_Work instructions:_
Line by line, copy the entries exactly, excluding the pictures.

——

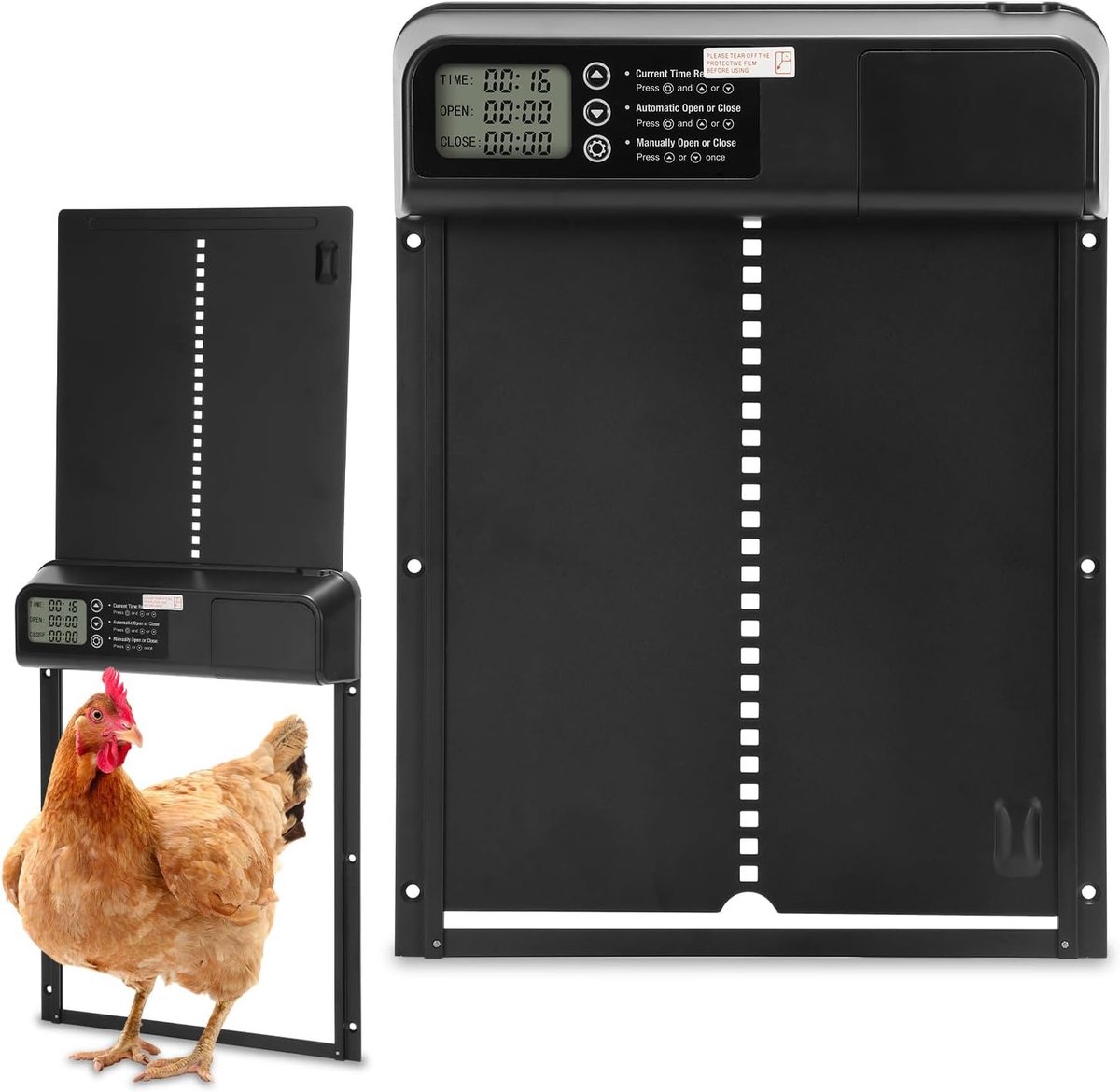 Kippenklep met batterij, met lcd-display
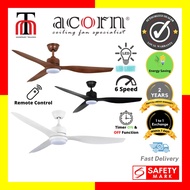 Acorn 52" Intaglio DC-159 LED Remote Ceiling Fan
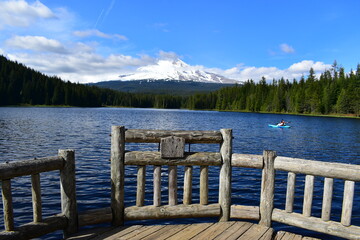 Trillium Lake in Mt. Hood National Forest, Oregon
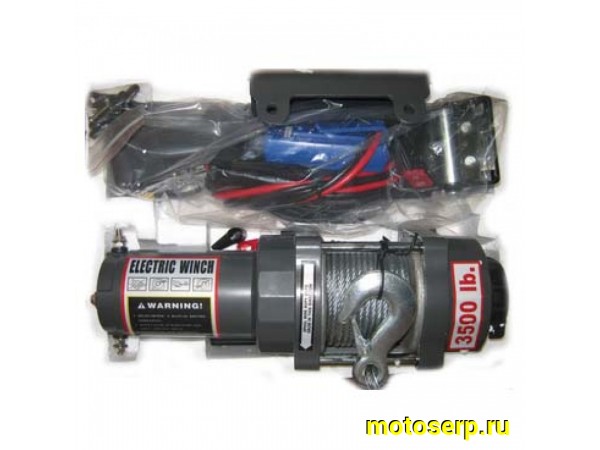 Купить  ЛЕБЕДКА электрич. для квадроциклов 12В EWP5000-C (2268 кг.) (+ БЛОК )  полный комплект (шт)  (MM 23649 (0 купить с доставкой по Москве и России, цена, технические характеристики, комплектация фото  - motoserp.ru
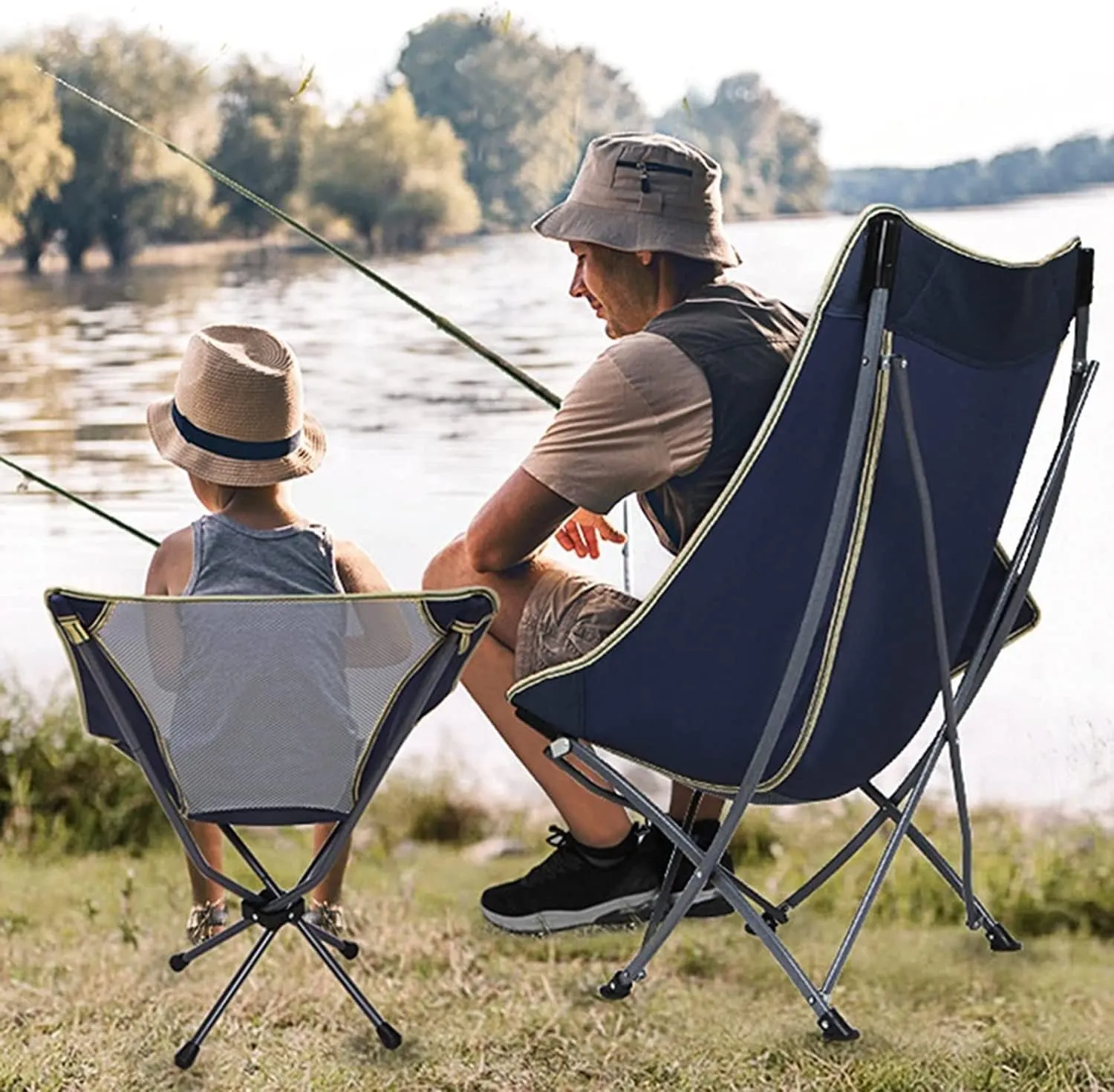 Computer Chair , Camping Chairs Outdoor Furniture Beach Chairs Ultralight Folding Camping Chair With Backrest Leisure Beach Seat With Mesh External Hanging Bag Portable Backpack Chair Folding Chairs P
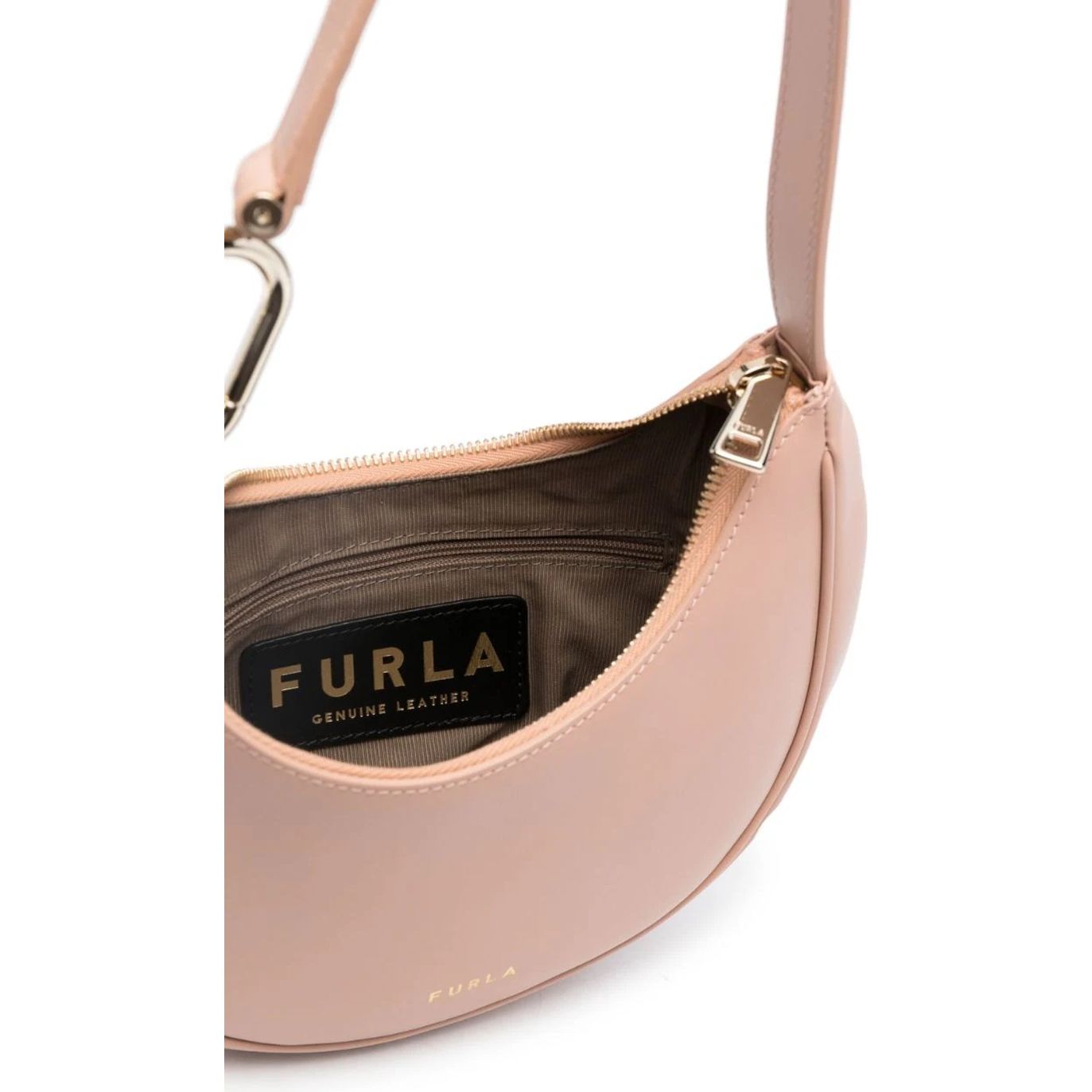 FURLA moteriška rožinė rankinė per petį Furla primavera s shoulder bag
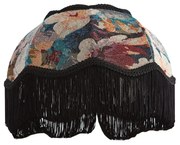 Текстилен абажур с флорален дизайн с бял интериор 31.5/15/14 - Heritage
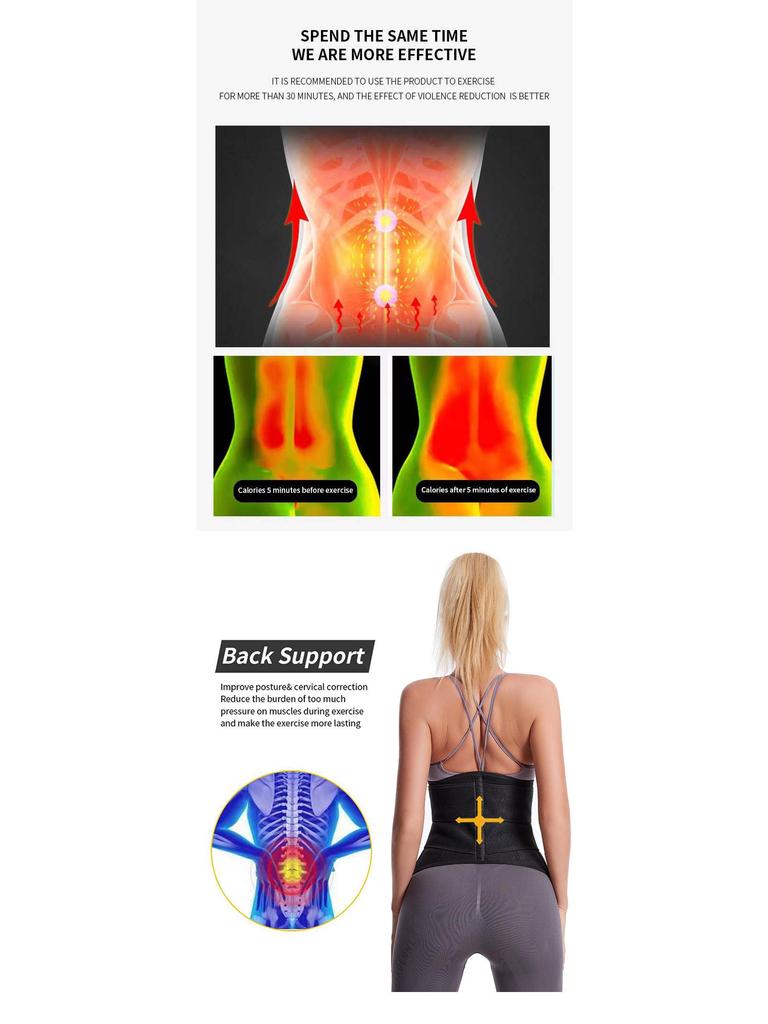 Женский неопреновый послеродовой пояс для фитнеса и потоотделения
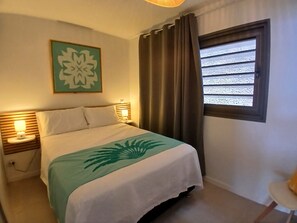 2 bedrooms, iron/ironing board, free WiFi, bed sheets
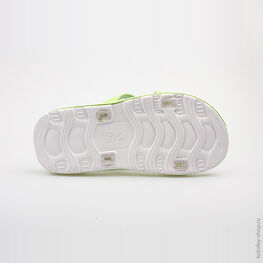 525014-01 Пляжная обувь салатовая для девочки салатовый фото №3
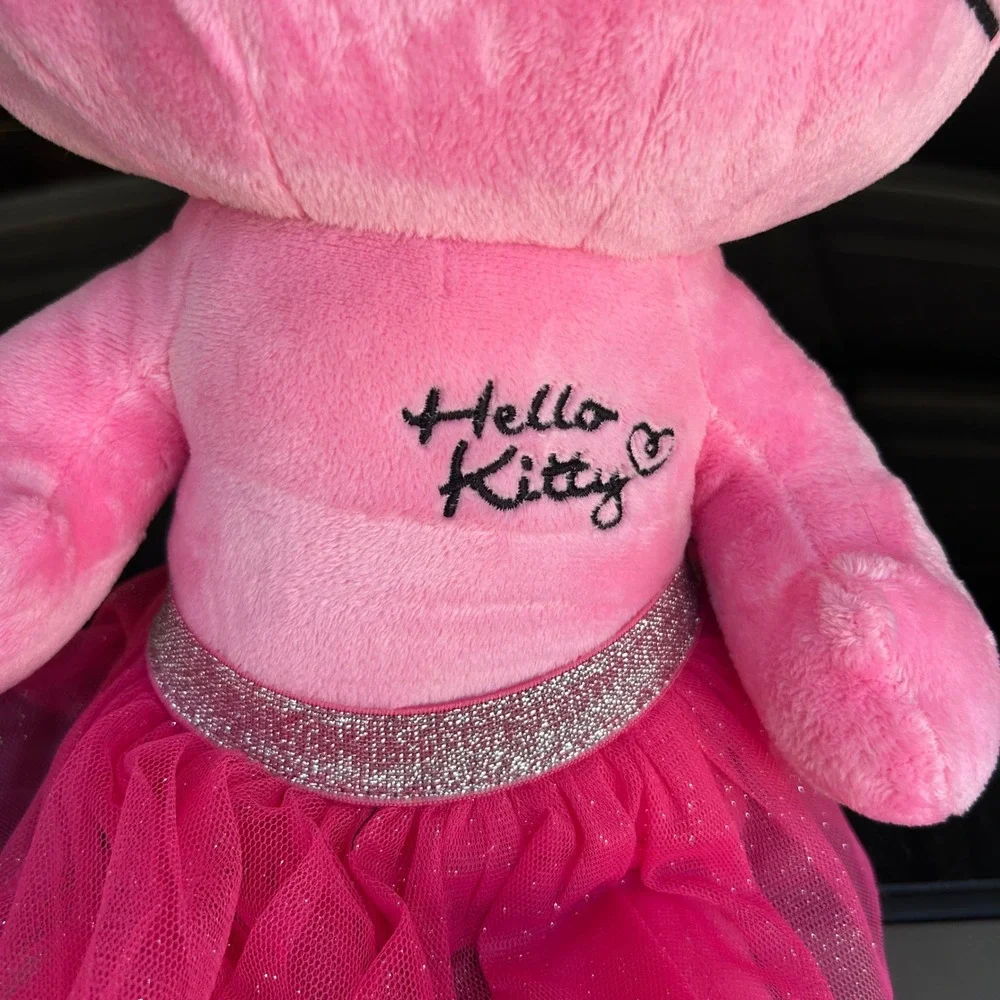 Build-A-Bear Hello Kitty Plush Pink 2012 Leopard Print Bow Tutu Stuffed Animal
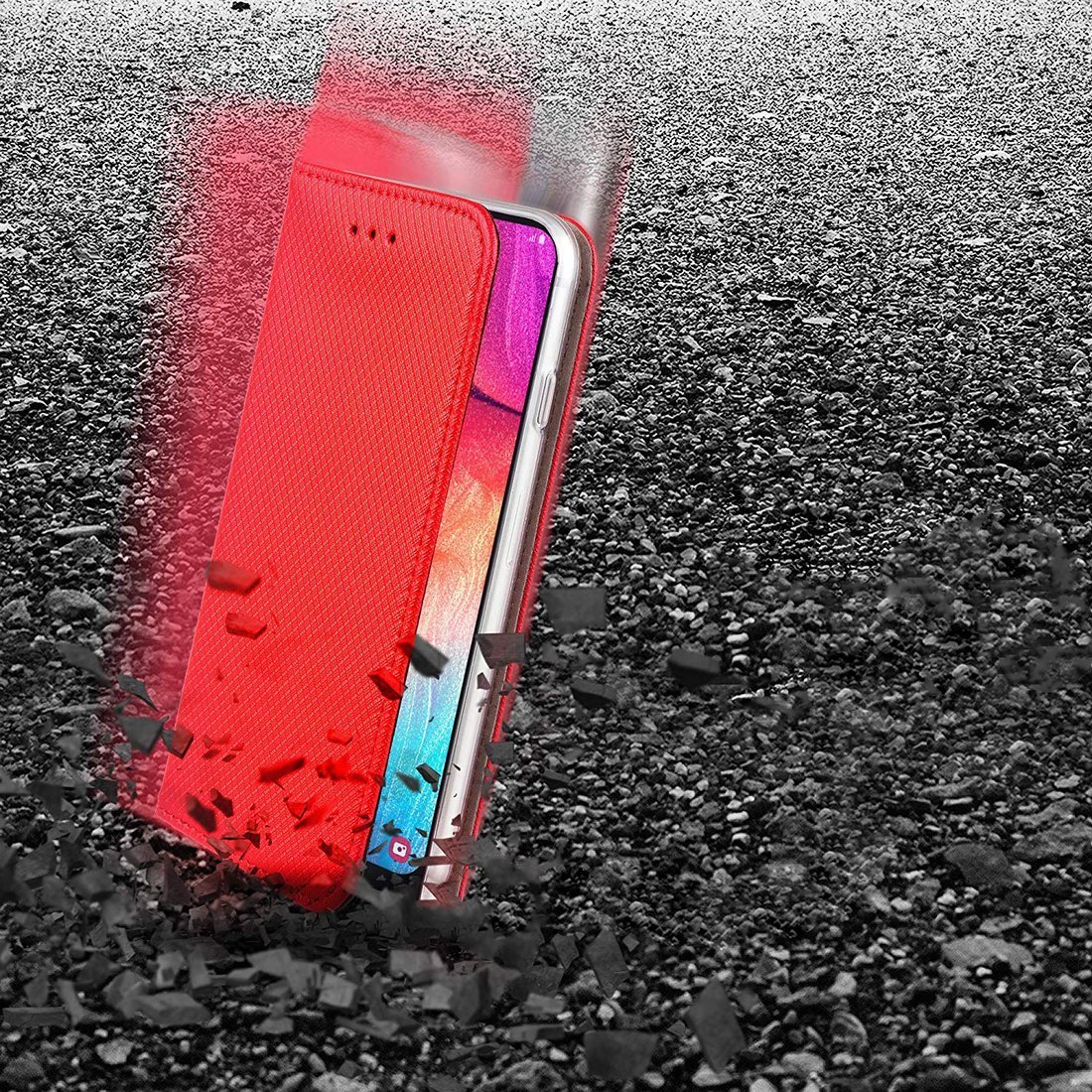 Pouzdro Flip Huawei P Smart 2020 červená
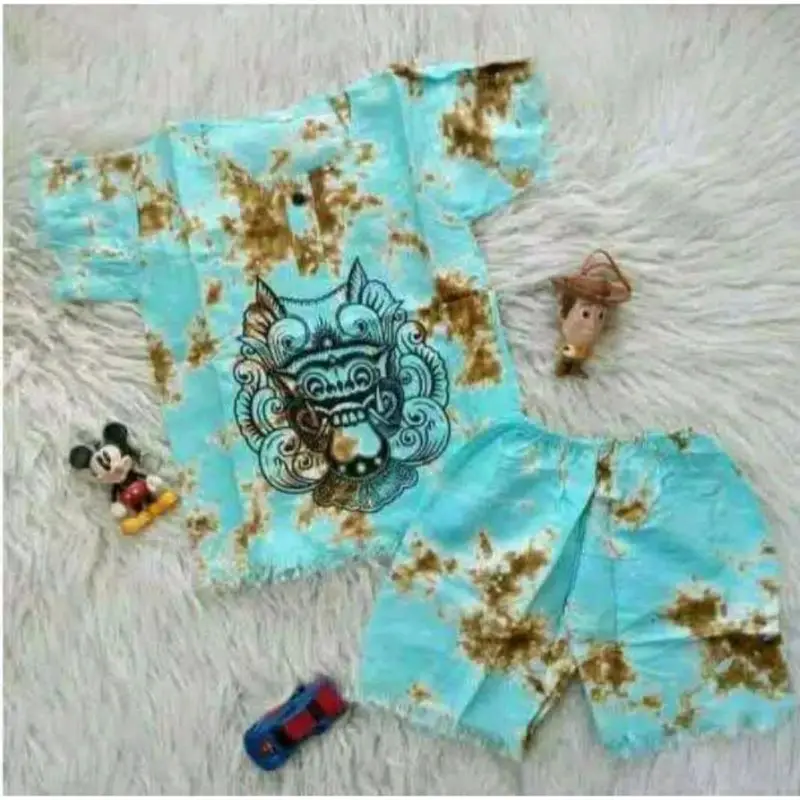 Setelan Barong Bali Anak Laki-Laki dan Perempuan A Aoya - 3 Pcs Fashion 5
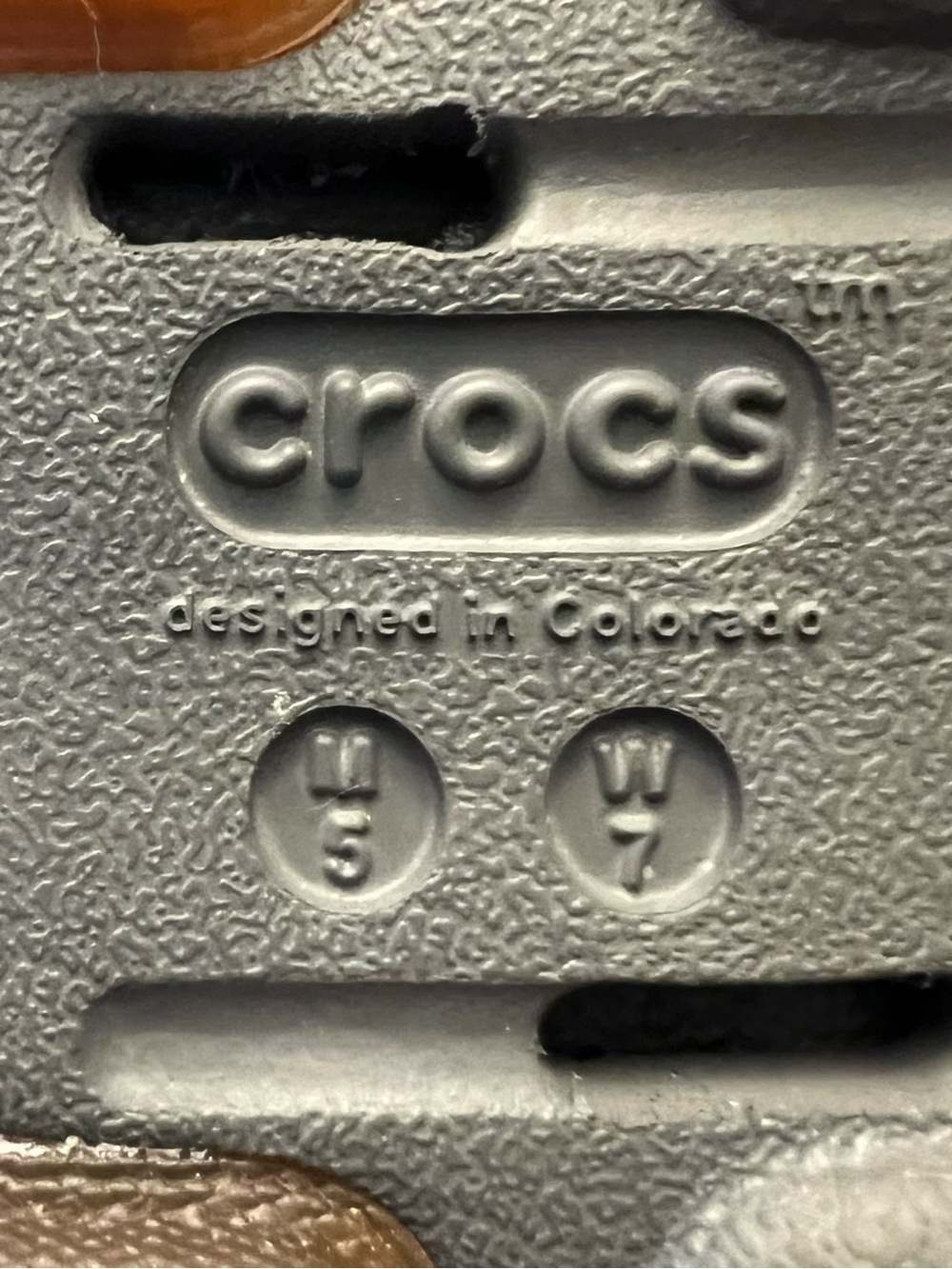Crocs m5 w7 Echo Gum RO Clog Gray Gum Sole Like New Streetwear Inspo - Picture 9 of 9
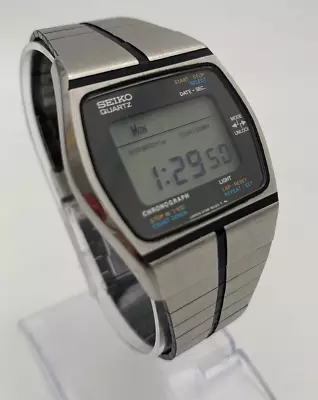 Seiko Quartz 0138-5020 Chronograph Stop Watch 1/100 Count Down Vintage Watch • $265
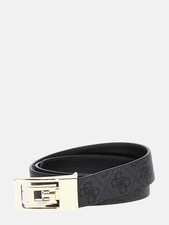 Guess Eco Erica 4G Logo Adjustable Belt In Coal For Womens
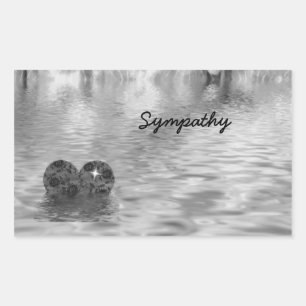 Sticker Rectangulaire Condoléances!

——

_Problem solution:_
 Kippenklep met batterij, met lcd-display
 Acorn 52" Intaglio DC-159 LED Remote Ceiling Fan
 Trillium Lake in Mt. Hood National Forest, Oregon
 Купить  ЛЕБЕДКА электрич. для квадроциклов 12В EWP5000-C (2268 кг.) (+ БЛОК )  полный комплект (шт)  (MM 23649 (0 купить с доставкой по Москве и России, цена, технические характеристики, комплектация фото  - motoserp.ru
 Computer Chair , Camping Chairs Outdoor Furniture Beach Chairs Ultralight Folding Camping Chair With Backrest Leisure Beach Seat With Mesh External Hanging Bag Portable Backpack Chair Folding Chairs P
 FURLA moteriška rožinė rankinė per petį Furla primavera s shoulder bag
 Текстилен абажур с флорален дизайн с бял интериор 31.5/15/14 - Heritage
 Женский неопреновый послеродовой пояс для фитнеса и потоотделения
 2 bedrooms, iron/ironing board, free WiFi, bed sheets
 525014-01 Пляжная обувь салатовая для девочки салатовый фото №3
 Build-A-Bear Hello Kitty Plush Pink 2012 Leopard Print Bow Tutu Stuffed Animal
 Pouzdro Flip Huawei P Smart 2020 červená
 Setelan Barong Bali Anak Laki-Laki dan Perempuan A Aoya - 3 Pcs Fashion 5
Crocs m5 w7 Echo Gum RO Clog Gray Gum Sole Like New Streetwear Inspo - Picture 9 of 9
 Seiko Quartz 0138-5020 Chronograph Stop Watch 1/100 Count Down Vintage Watch • $265
 Guess Eco Erica 4G Logo Adjustable Belt In Coal For Womens
 Sticker Rectangulaire Condoléances!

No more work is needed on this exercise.